Pour la première fois, mes pelotes de laine à la main, j'ai ressenti ce truc, non pas comme une vérité rationnelle, quelque chose dont on essaye de se persuader en se le répétant mais qui nous demeure désespérément extérieur ; mais au contraire comme un sentiment intime : avoir eu une enfance traumatisante ne m'interdisait pas d'aimer certains aspects non-traumatiques de mon enfance, comme les placards 80's de la cuisine et quelques bons moments en famille. Et sa réciproque : avoir aimé certaines choses de mon enfance ne signifiait pas que j'avais aimé les traumatismes que j'y ai subis.

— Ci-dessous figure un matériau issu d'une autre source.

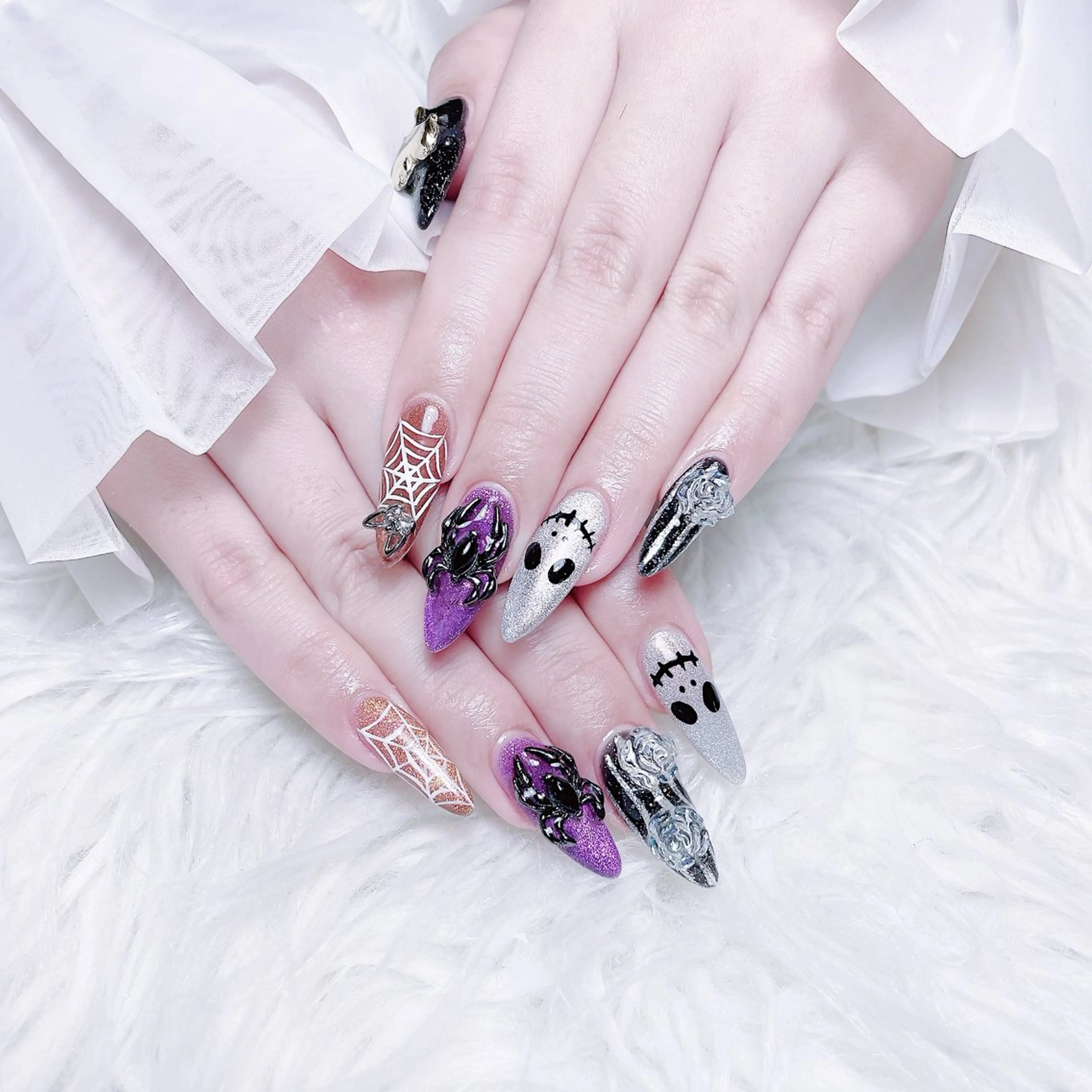 ネイル チークネイル 長さ出し フラワーネイル フレンチネイル ガーリー ハンドネイル NEW NAIL 池袋のネイルデザイン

Pour la première fois j'ai lâché cette culpabilité qui, jusque-là, m'interdisait de m'avouer à moi-même que j'aimais quoi que ce soit de ma vie familiale, comme si cela signifiait que j'aimais ce qu'on m'y avait fait et que, par extension, je l'avais voulu, j'en étais responsable.
Je l'ai compris réellement, ce qui veut dire ressenti profondément. J'avais le droit d'avoir de bons souvenirs de mon enfance et de mon adolescence. J'avais même le droit d'avoir de bons souvenirs de mon père, sans transiger d'un iota sur le mal qu'il m'a fait, sans pour cela prendre sur moi la responsabilité des actions qui restent à jamais les siennes.
Pour la première fois j'ai senti se délier les deux choses - mon enfance, d'une part, et ce que j'y avais subi, d'autre part. Pour la première fois mes émotions ont fait le tri. Deux trucs qui étaient jusque-là inextricablement noués, j'ai pu les percevoir comme sans lien nécessaire entre eux. J'ai pu faire face sans culpabilité aux bons souvenirs de mon enfance.
C'est profondément apaisant - de ne plus avoir à guetter, anxieuse, le moindre signe d'attachement à quelque chose issu de l'enfance comme si c'était la preuve que j'avais aimé, que j'avais voulu ce qu'on m'avait fait. De récupérer au moins quelques lambeaux d'une enfance normale.
Cette idée là - qu'avoir, enfant, aimé sa famille, aimé ses parents, ne signifie pas que l'on doive se sentir responsable de ce qu'ils vous ont fait comme si on y avait consenti, je la porte à présent avec moi comme une force nouvellement acquise.
Je vis sur de plus solides fondations.